Output the span of lines from the one that contains "Blauw abstract schilderij" through the end of the records, inclusive, exactly as written and free of pictures.

▼

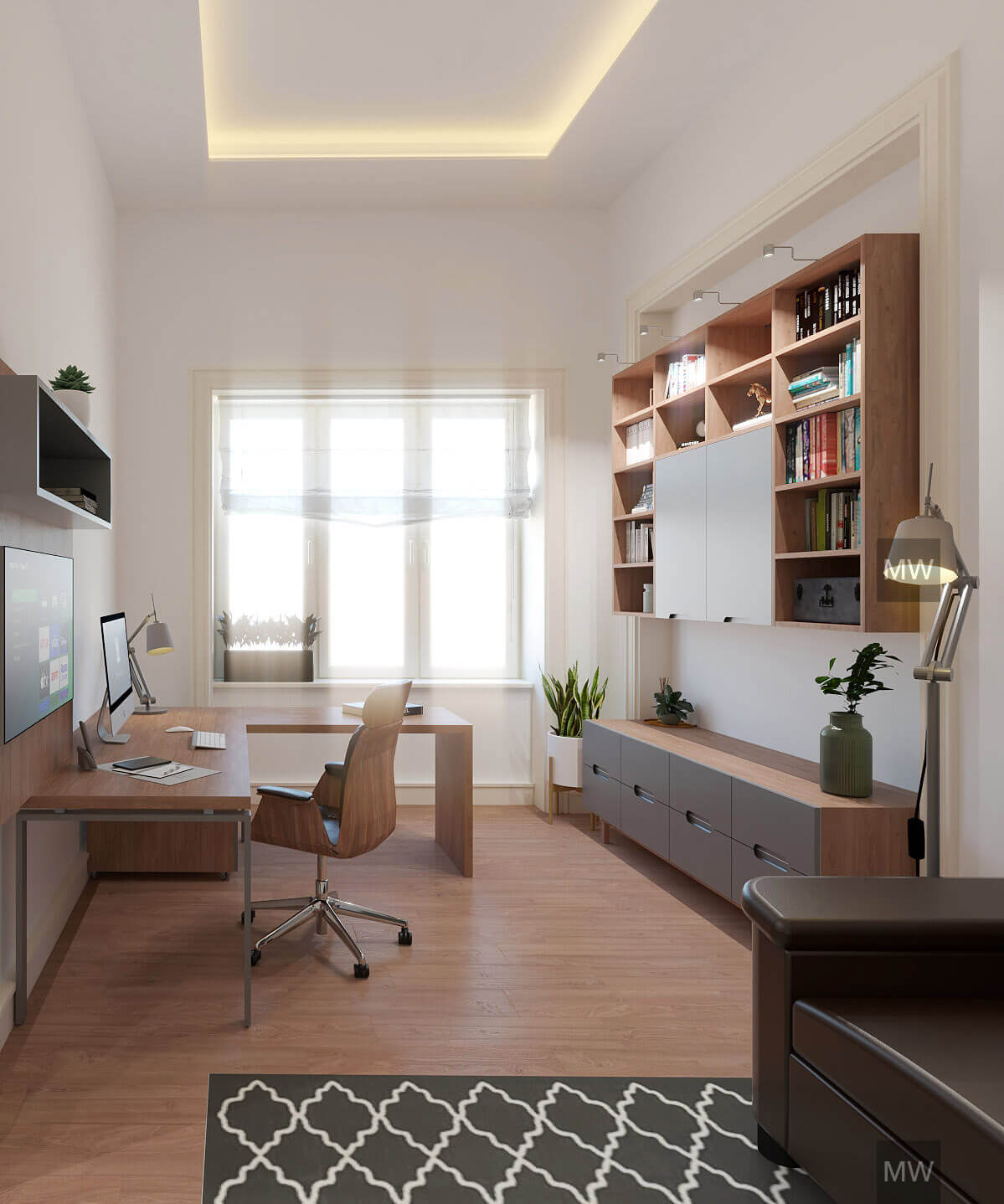 Home office with large desk in front of the window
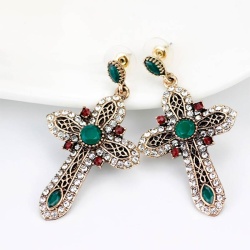 Сережки з камінням хрести vintage стиль lan-2852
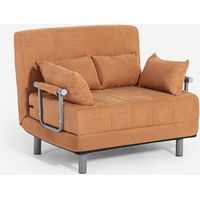 Le Roi Du Relax – Fauteuil convertible en tissu 100 x 75 x 80 cm – Structure en tube d'acier – 4 coussins confort – Design moderne pour petits espaces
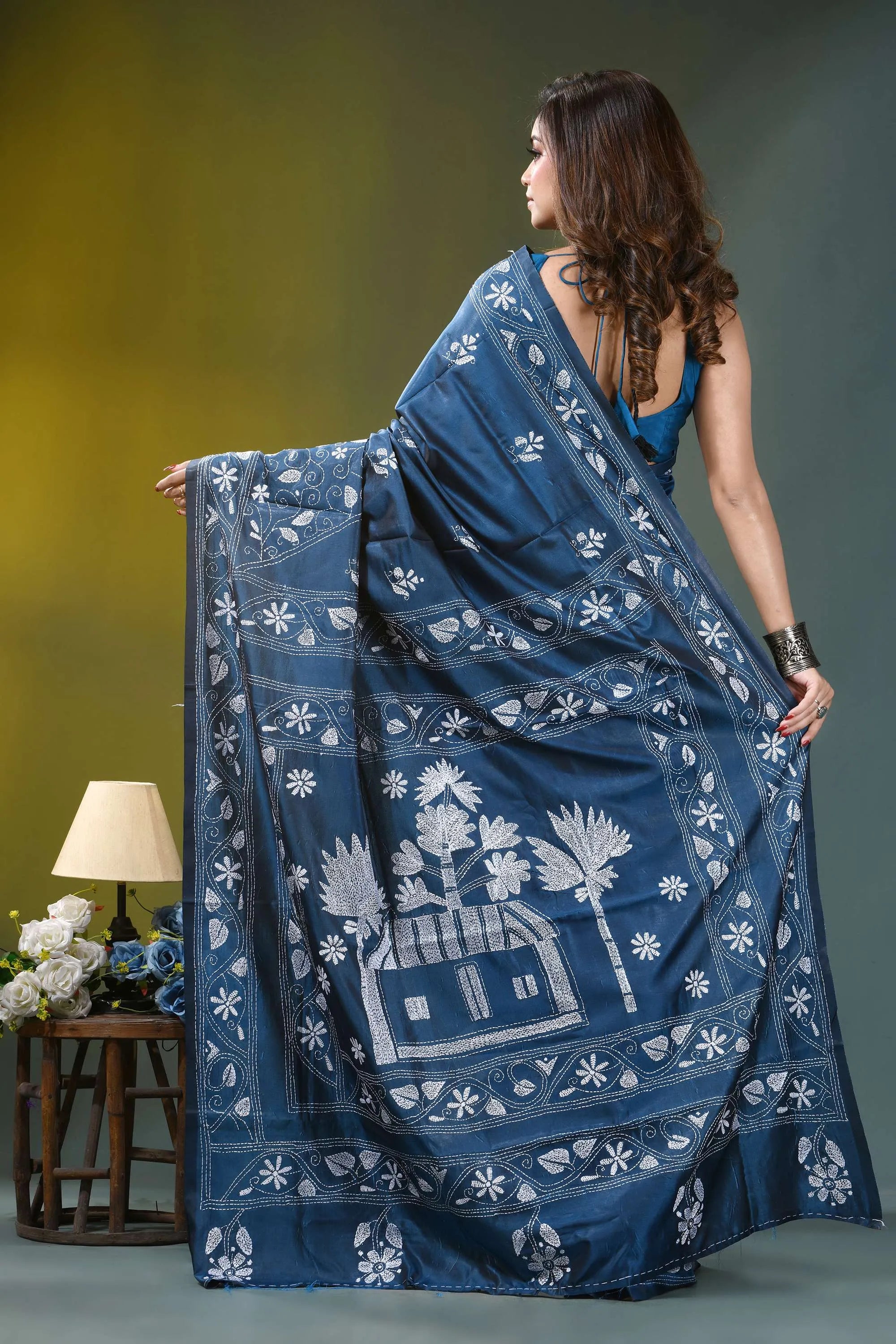 Slate blue village theme handmade silk kantha saree deep blue saree intricate white 4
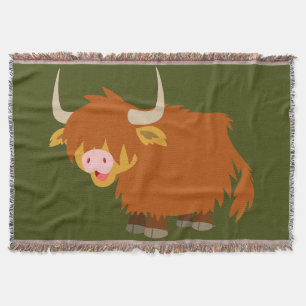 Cute Tecknad Highland Cow Mysfilt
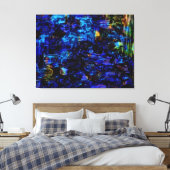 Blauw abstract schilderij canvas afdruk (Insitu (Slaapkamer))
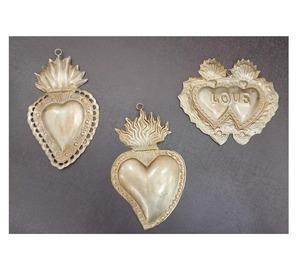 Corazón Sagrado Colgante de Metal Dorado, Corazón Católico con Laurel para Decoración Católica - Product Image 2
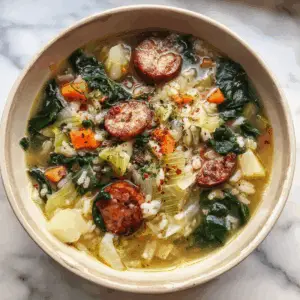 Rustic Turnip Green Soup with Rice and Root vegetables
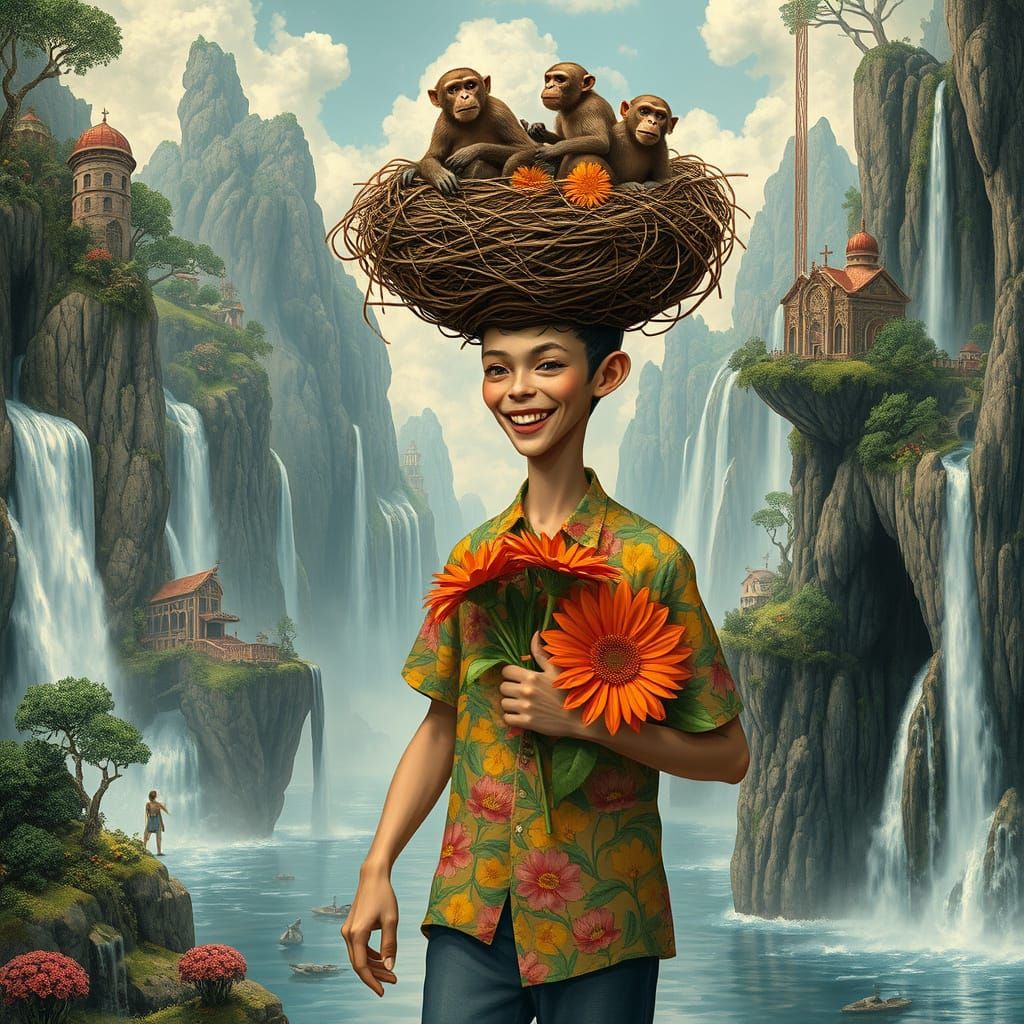 Utopian Floating City with Monkey Nest Figure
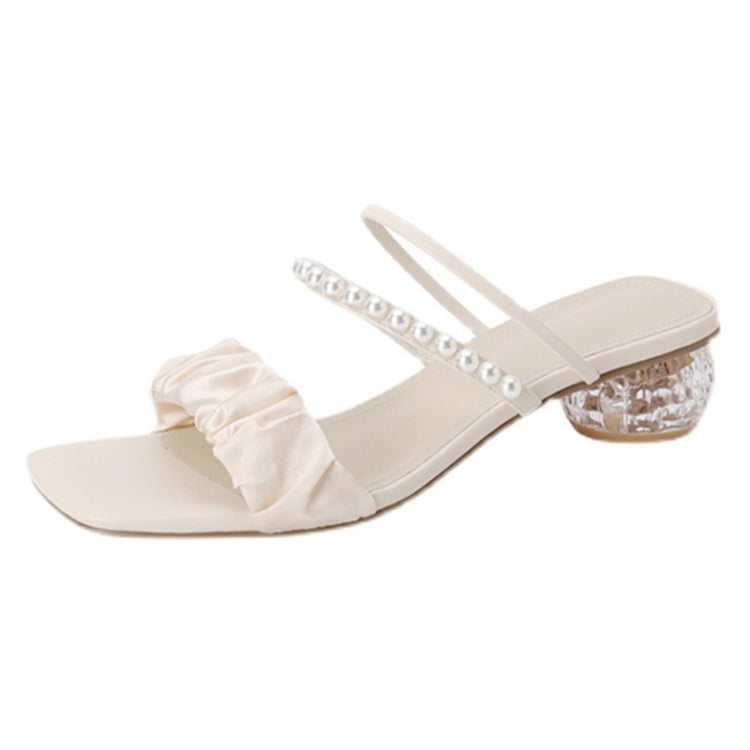 Silk Mesh Pearl Outerwear Crystal Mid-heel Sandals Sippers, Size: 3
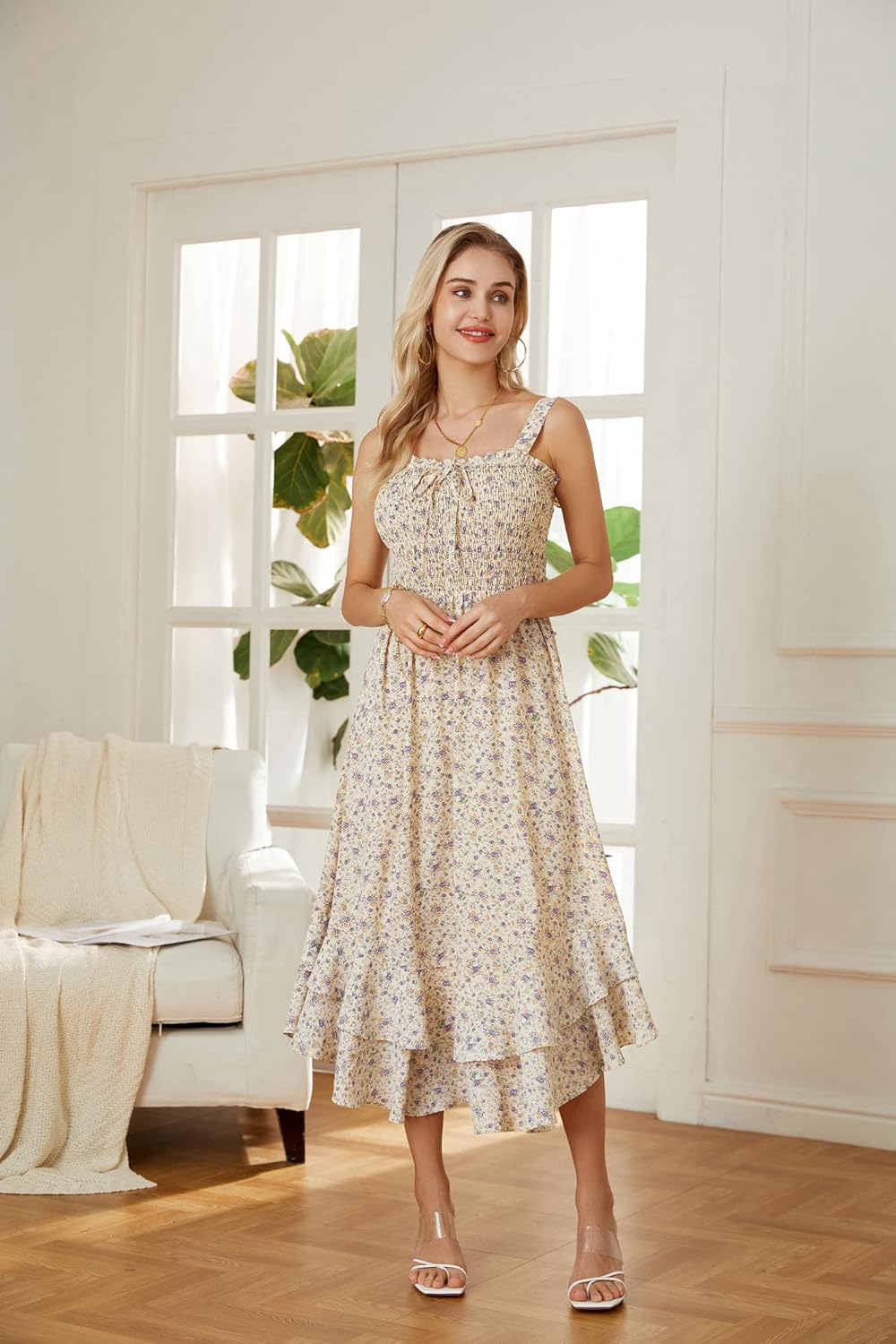 GRACE KARIN Damen langes Blumenkleid Ärmellos Spaghettiträger Freizeitkleid Böhmisch Maxikleid Stran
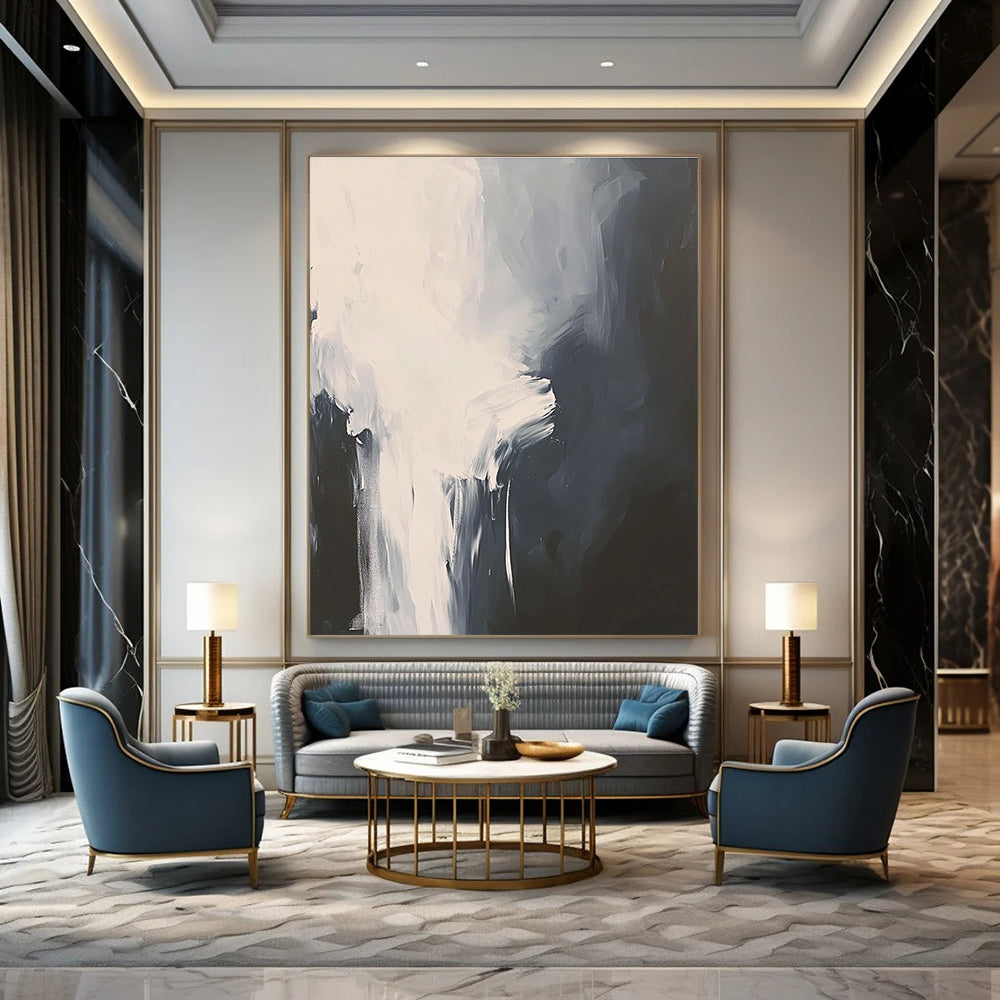 Gray Abstract Brushstrokes for Calm Home Office & Minimalist Bedroom STSC236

▲

SOLVED PROBLEM:
 Blauw abstract schilderij canvas afdruk (Insitu (Slaapkamer))
 Corazón Sagrado Colgante de Metal Dorado, Corazón Católico con Laurel para Decoración Católica - Product Image 2
 Rustic Turnip Green Soup with Rice and Root vegetables
 Utopian Floating City with Monkey Nest Figure
 Silk Mesh Pearl Outerwear Crystal Mid-heel Sandals Sippers, Size: 3
 GRACE KARIN Damen langes Blumenkleid Ärmellos Spaghettiträger Freizeitkleid Böhmisch Maxikleid Stran
 Gray Abstract Brushstrokes for Calm Home Office & Minimalist Bedroom STSC236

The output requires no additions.